- [Data provided]:
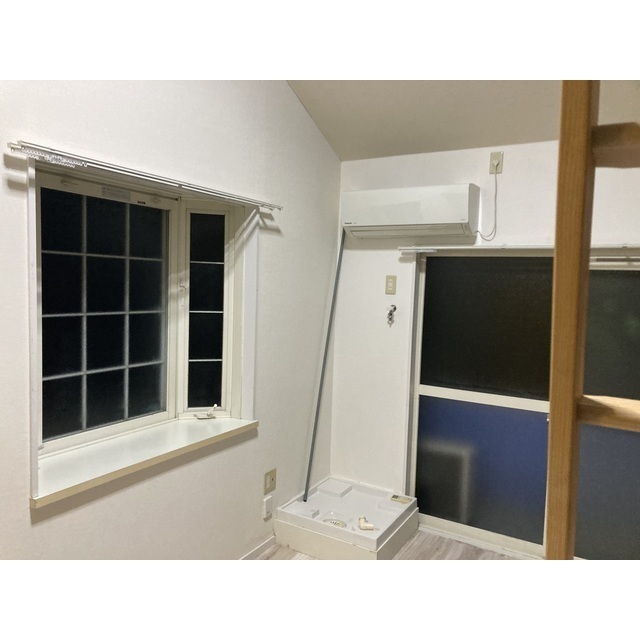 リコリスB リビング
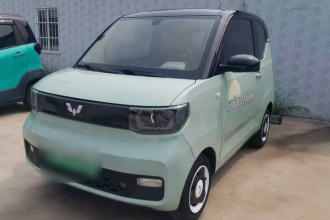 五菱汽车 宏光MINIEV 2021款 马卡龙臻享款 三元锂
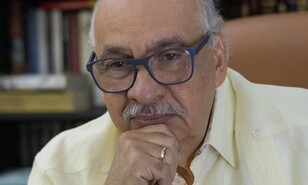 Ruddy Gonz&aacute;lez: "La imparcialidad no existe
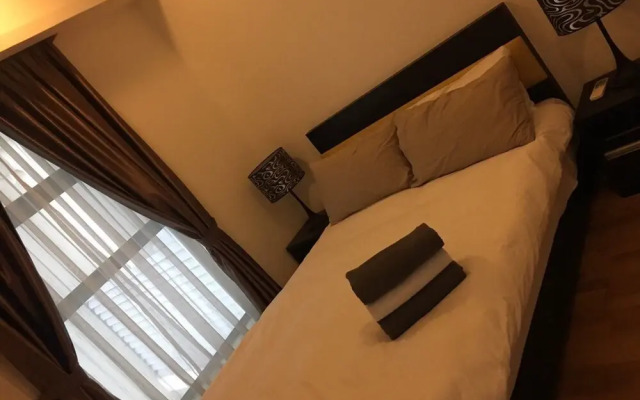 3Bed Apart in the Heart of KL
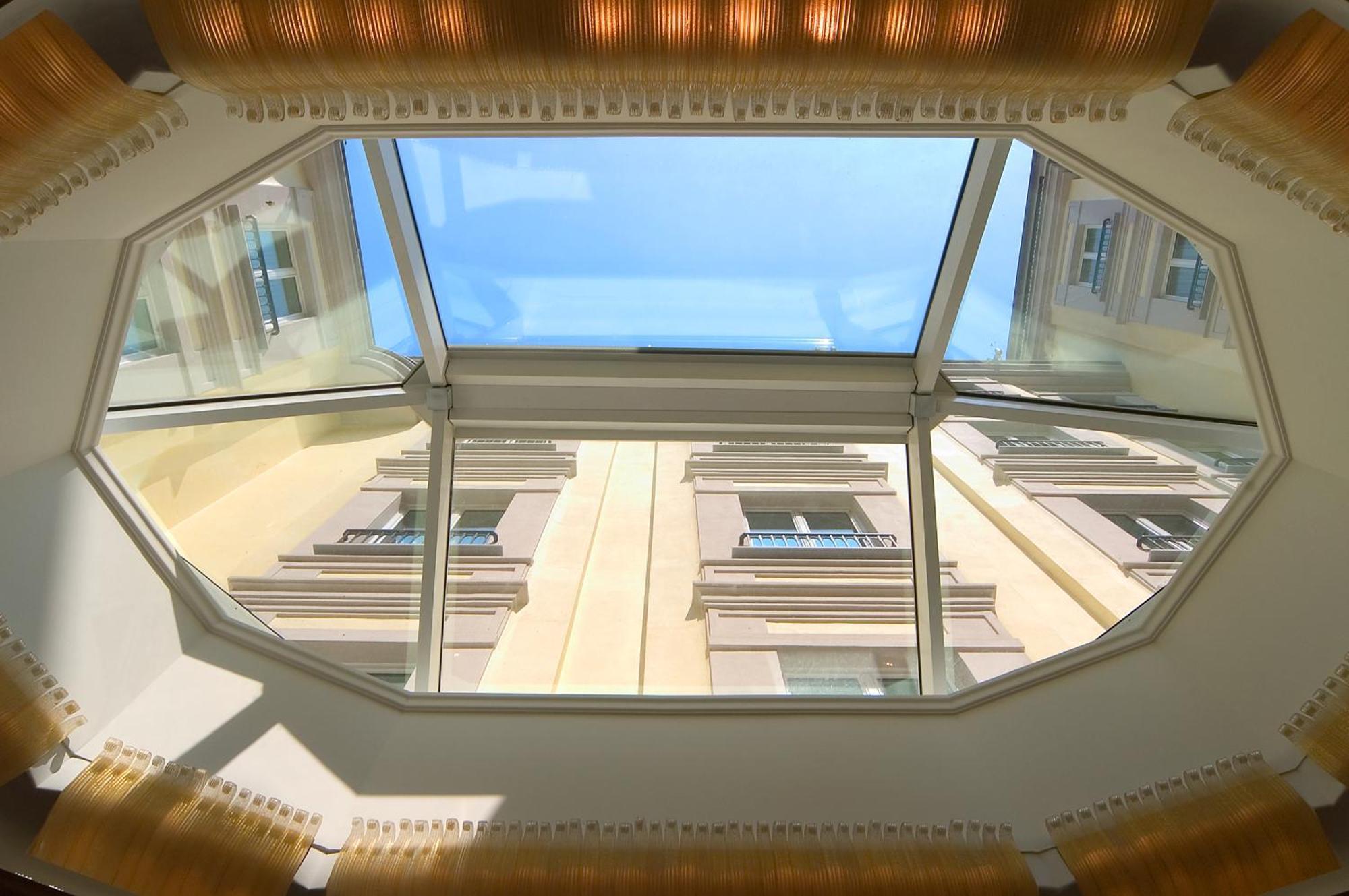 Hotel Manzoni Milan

...

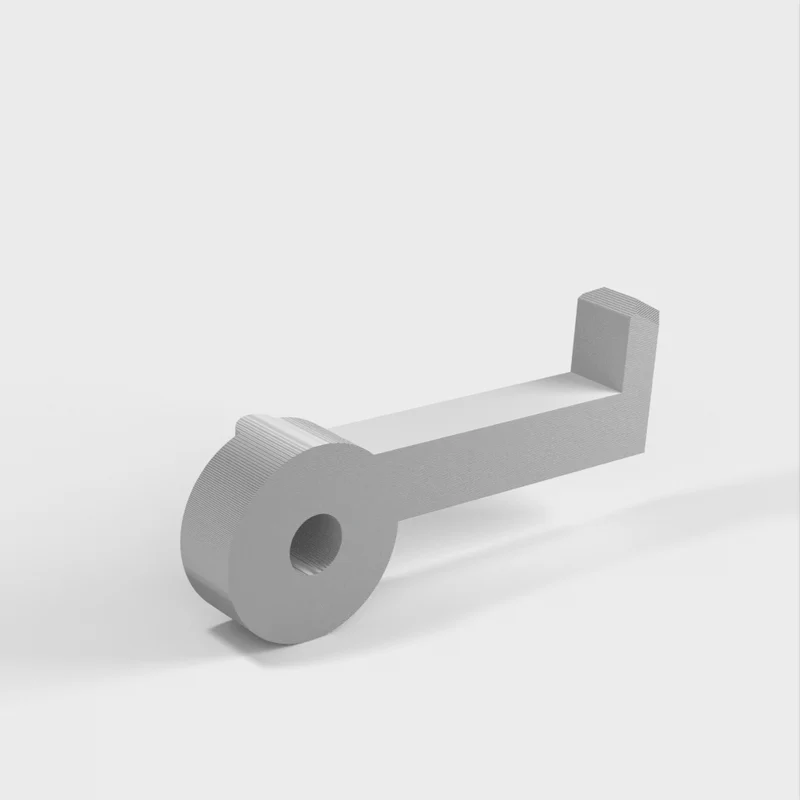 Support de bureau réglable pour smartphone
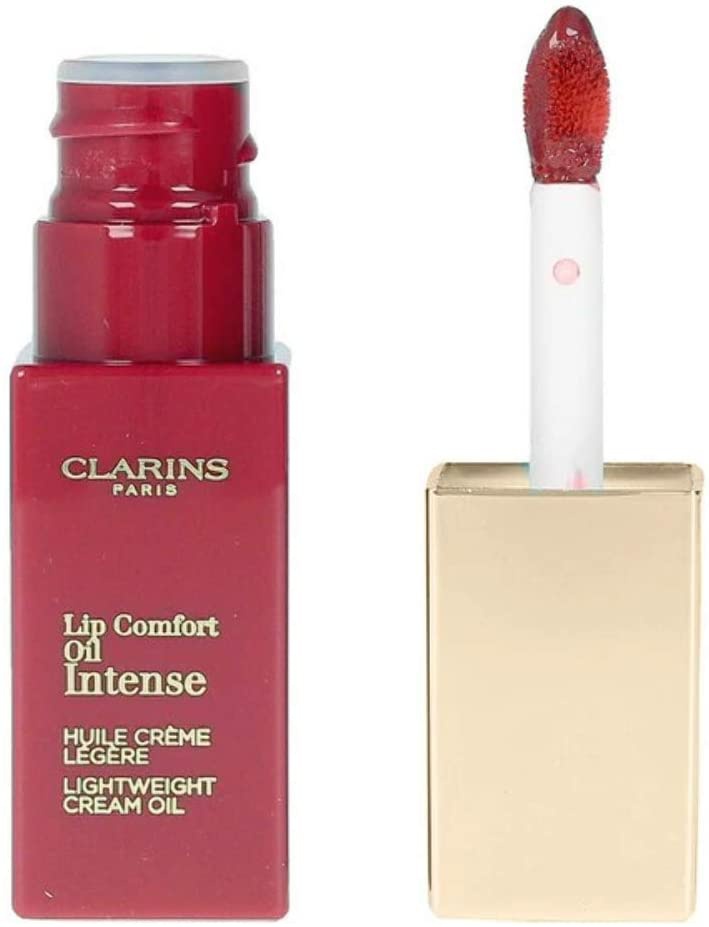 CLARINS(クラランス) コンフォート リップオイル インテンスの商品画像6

- [Instructions for the task]: Would you transcribe the lines above exactly, going from the line bearing "五菱汽车 宏光MINIEV 2021款 马卡龙臻享款 三元锂" through the line bearing "Hotel Manzoni Milan", and drop the pictures from the copy?

- [Answer for this exercise]:
 五菱汽车 宏光MINIEV 2021款 马卡龙臻享款 三元锂
 Ruddy Gonz&aacute;lez: "La imparcialidad no existe
 3Bed Apart in the Heart of KL
 Hotel Manzoni Milan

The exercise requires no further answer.